It seems like for 10 years I've been living the life of a venomous creature inside a sealed transparent container.
People walk by me, see me, talk about me like I'm not there.
People tap on the glass of where I am confined for 8 hours a day to get my attention and hope I'll do something they think is interesting.
People are afraid to clean my tank, you know, take me out for awhile, because I am so dangerous. So instead they feed me contrived forms of nutrition (not anything I might eat if I could choose myself) through a little hole, when it is convenient for them (not when I might be hungry). They know it is only a matter of time before I expire - that's OK. I'm only there for their entertainment - a commodity to satisfy their needs. When I'm gone they'll just buy a new one.
Once, people thought it might be interesting to put me with other venomous creatures just to "see what would happen". I was scared at first, but I learned to not only appreciate the company, I THRIVED. Sadly, a family of thriving dangerous creatures was a threat to the people, so they did everything in their power to separate us. And they won. I was alone. Until last week when...

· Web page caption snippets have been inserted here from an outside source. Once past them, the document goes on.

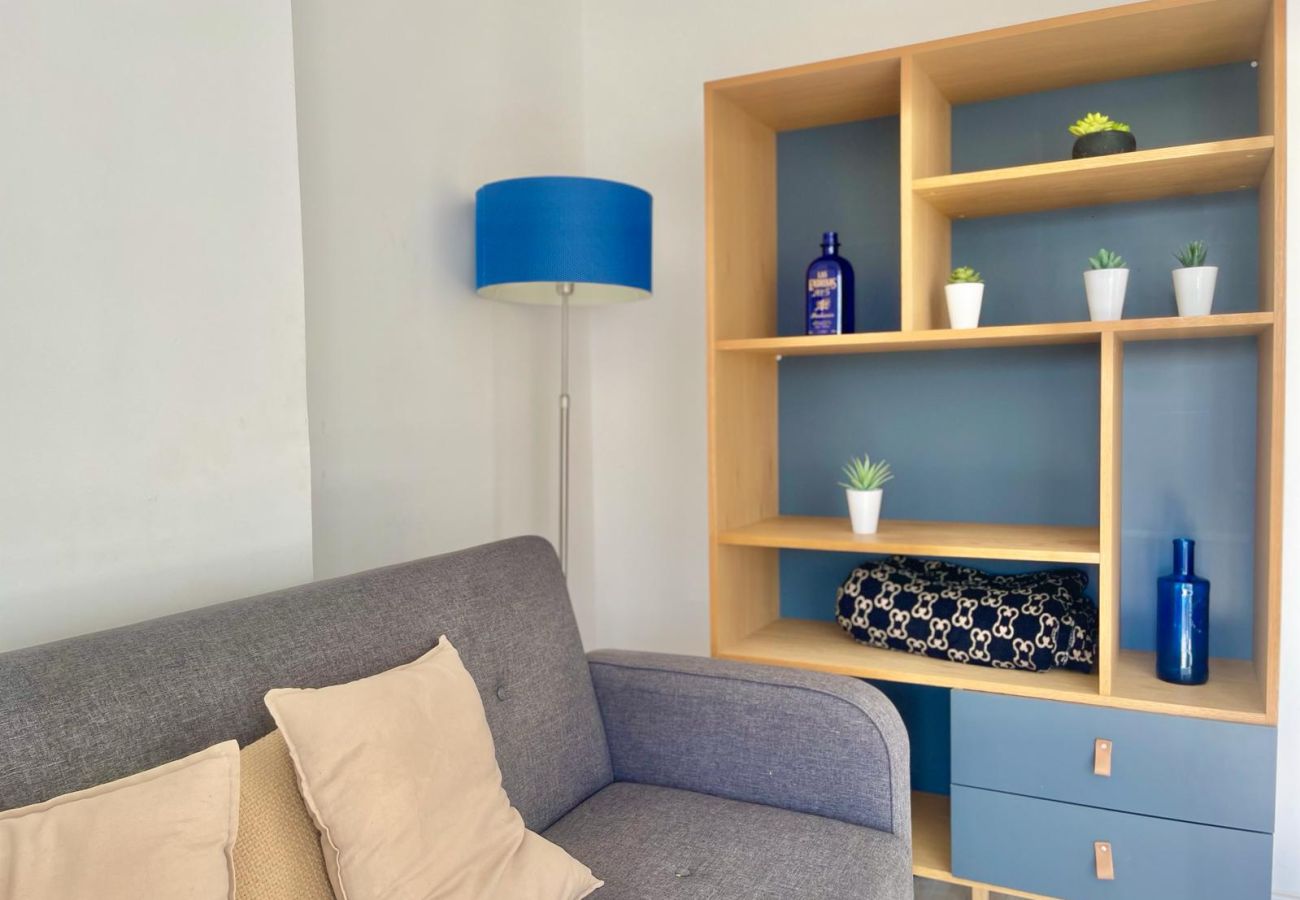 Apartment in Benidorm - Penthouse Apartment Old Town Sunset Terrace (N016)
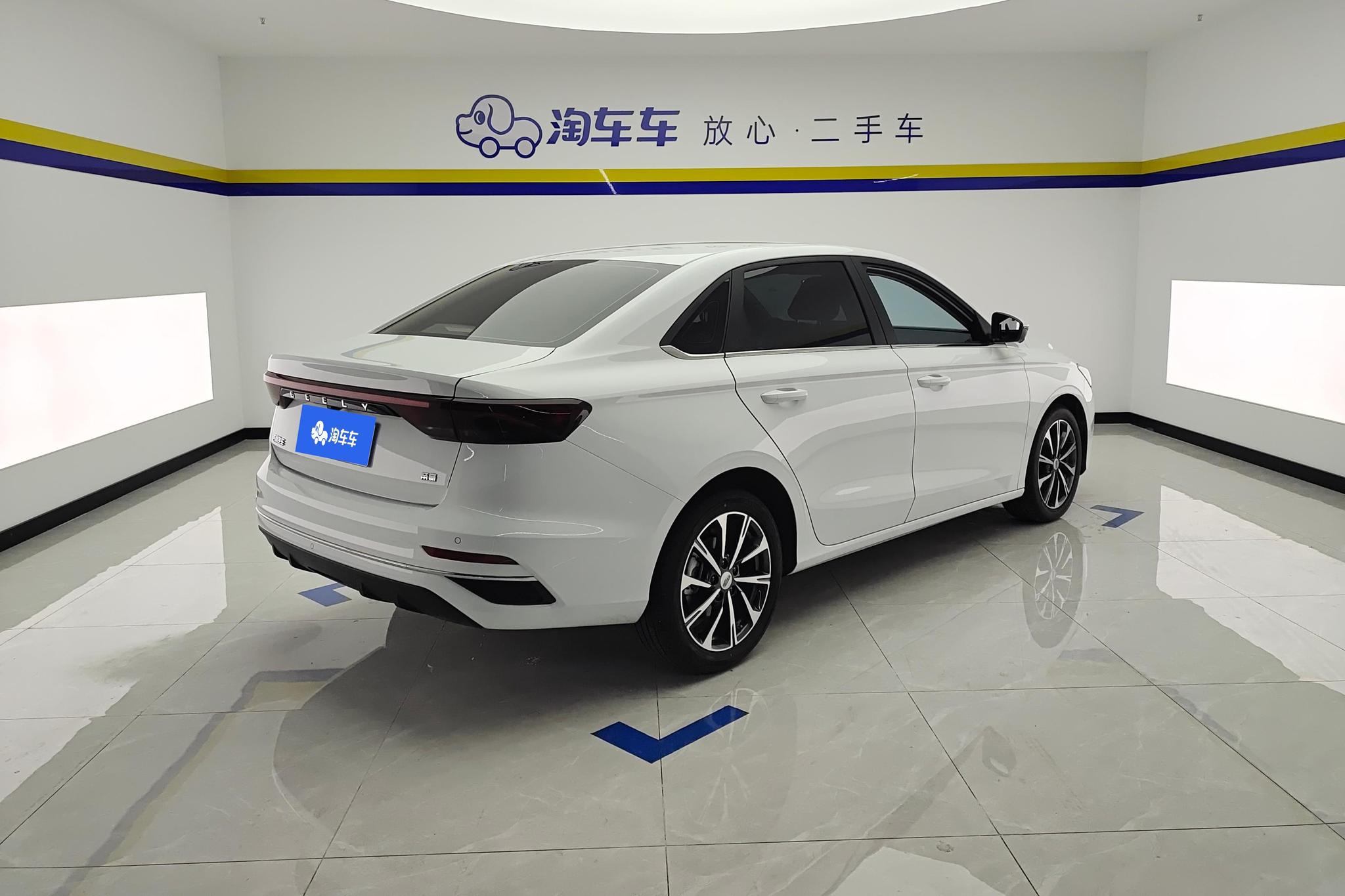 Geely Emgrand 2025 4 1.5L CVT Luxury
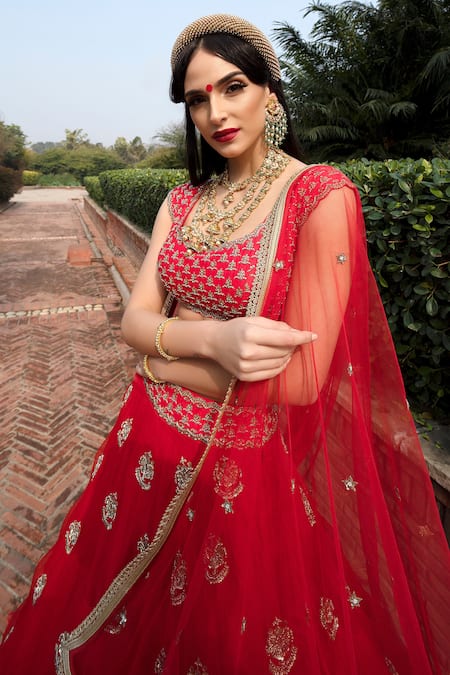 Shop Keerthi Kadire Red Raw Silk, Organza Scoop Neck Embroidered Bridal Lehenga Set at Aza Fashions Shop_Keerthi Kadire_Red Raw Silk, Organza Scoop Neck Embroidered Bridal Lehenga Set _at_Aza_Fashions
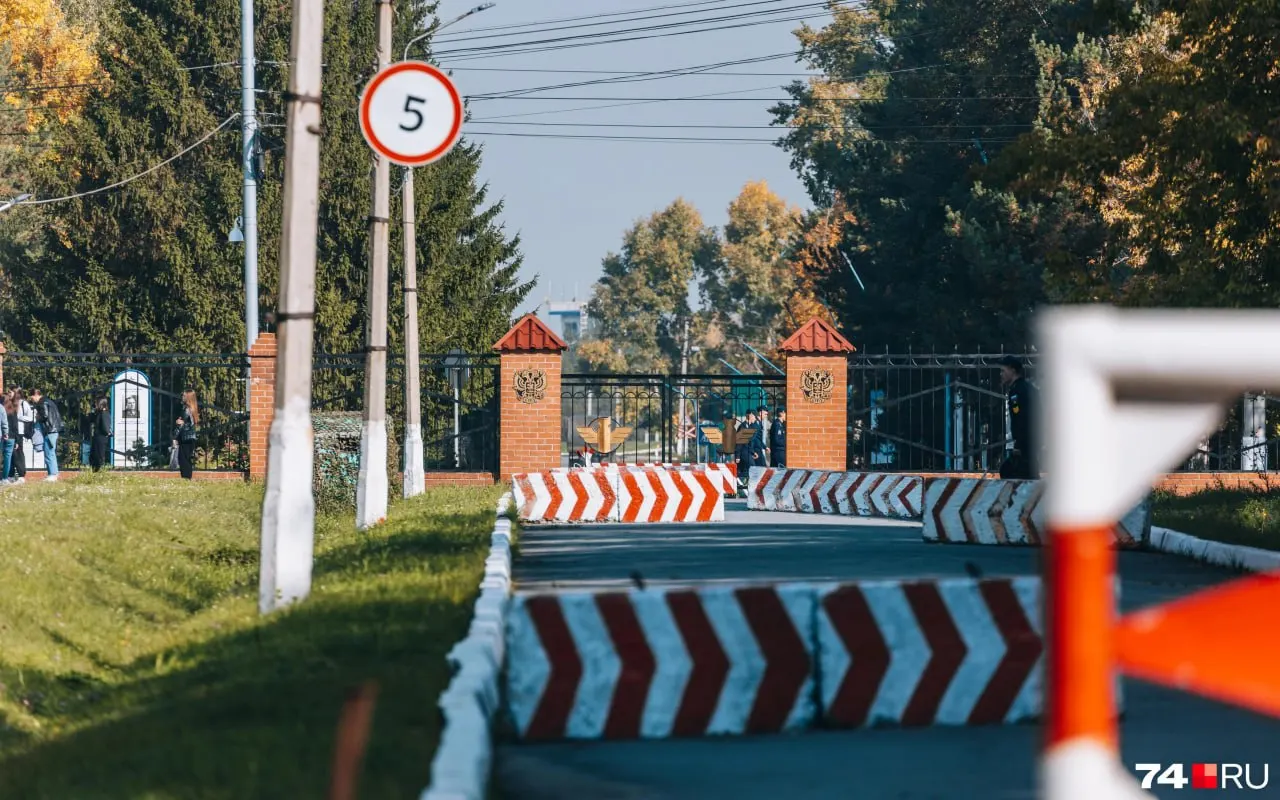 Правительство вывело училище из состава Военно-воздушной академии — распоряжение подписал председатель правительства. Учредителем останется Минобороны; реорганизацию планируют завершить к 1 сентября 2026 года, штат составит 6050 человек.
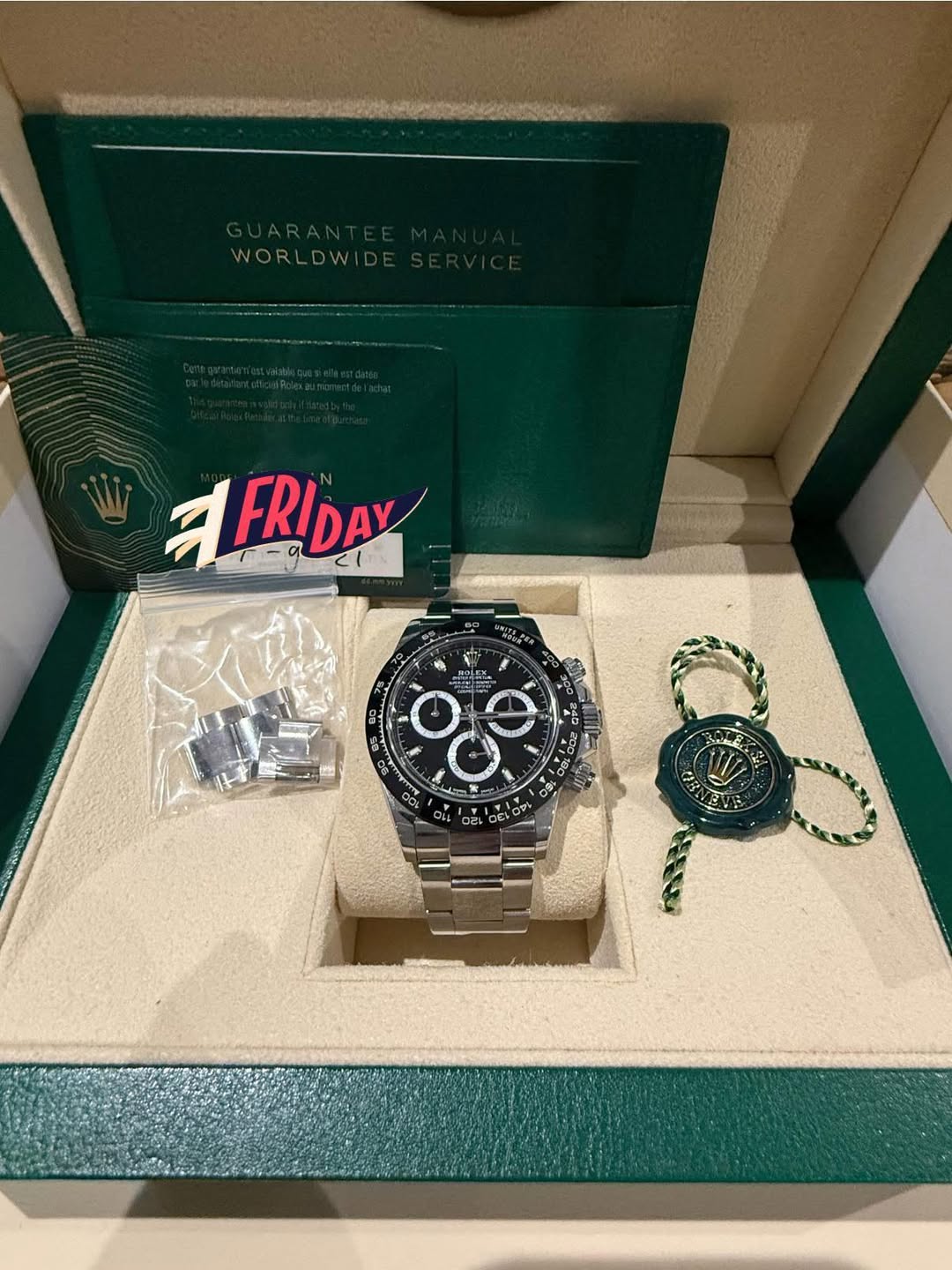 May be an image of wrist watch and text that says 'ન્ 1FRIDAY S A ٣ さ'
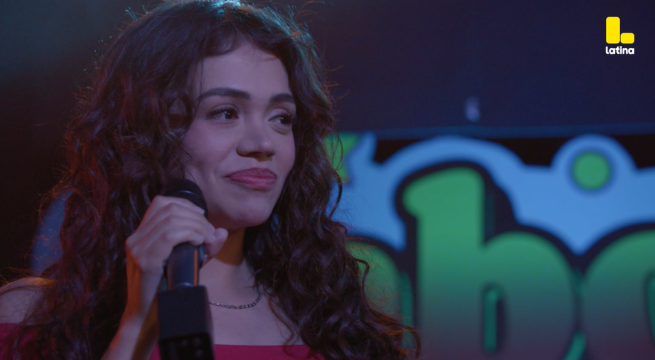 Valentina Valiente capítulo 02: ¡Valentina canta por primera vez en el escenario y Alejandro la ve brillar!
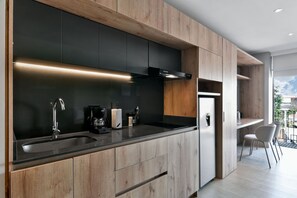 Apartment (609) | Eigene Küche | Kühlschrank, Mikrowelle, Mixer, Kochgeschirr/Geschirr/Besteck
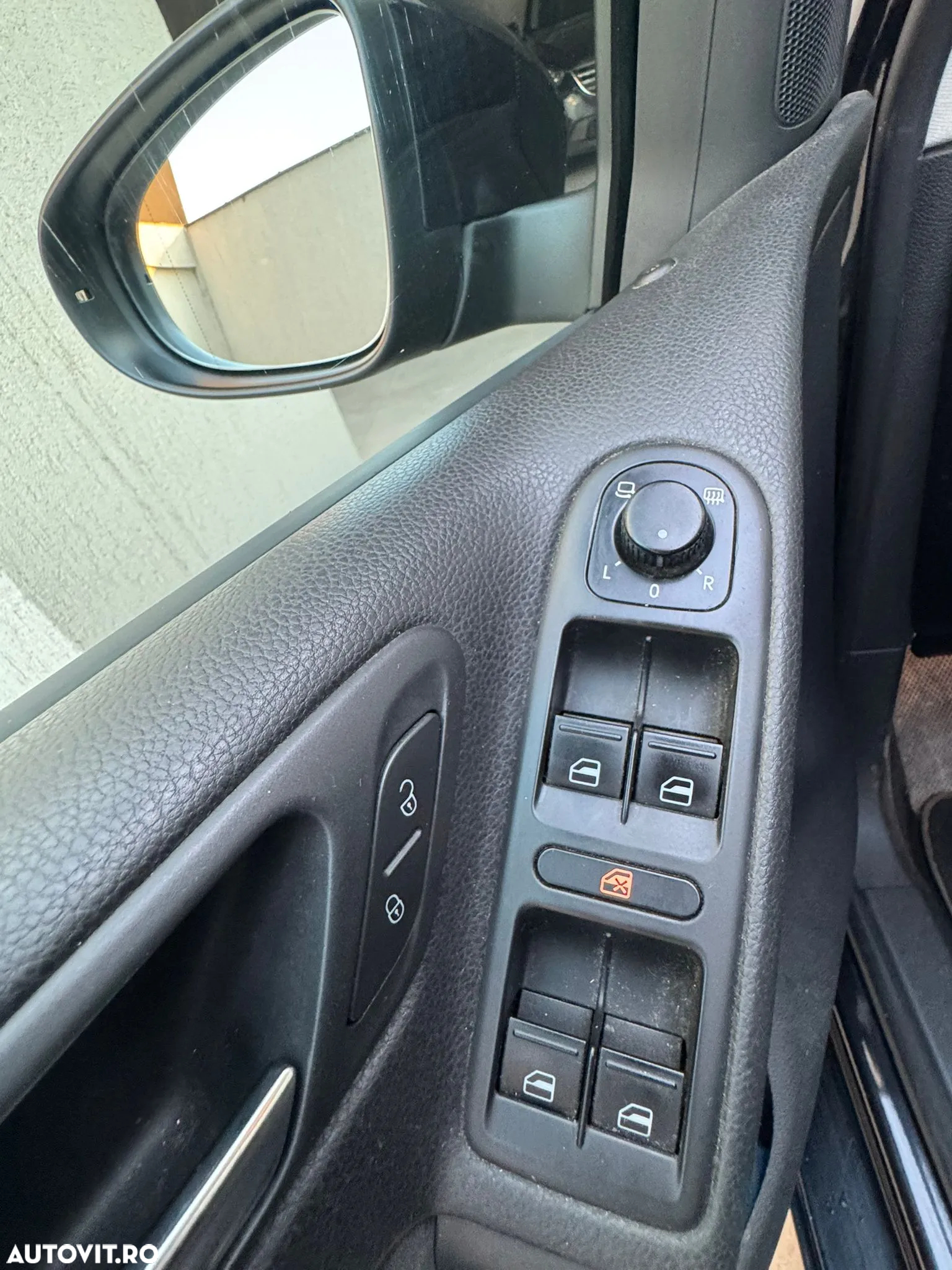 Volkswagen Golf 1.6 TDI DPF BlueMotion Technology Highline - 7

I BROKE FREE. How? EXCITEMENT came into my life! Another creature like me had the courage to not accept what others had labeled them and demanded to determine their own name and therefore drive their own destiny. They took the name Badass Teacher and INVITED all of us - the dangerous - to share in the freedom that is derived from self determination. Now that I have this freedom I am INSPIRED to cherish it and to share it, to understand it and protect it.
When I came into this world I had expectations. I expected to be sheltered, nourished, comforted, unconditionally. I expected to be encouraged and supported to think and create and dance and sing and to succeed and fail and succeed and fail and succeed. I expected that the people who came before me were afforded these things so they would provide me with them, unconditionally. I expected family. I expected community. Imagine my surprise to learn that my caregivers were often denied these things and so either couldn't give them to me or wouldn't. Imagine my horror to learn and to come to understand by experience that humanity in our schools was not what was valued and institutionalized.
Imagine the paralysis caused by fear and exercised through compliance to change the way you view your self. Imagine who benefits from this conditioning. Now imagine resisting the effort to deny you freedom for no other reason than to satiate their indulgences.
Now get up. Stand up. Rise. Fulfill your destiny and Be.
In solidarity Badasses.
Peace.
Good post! I didn't realize I was venomous! ;) I enjoyed reading this inspirational post, thanks!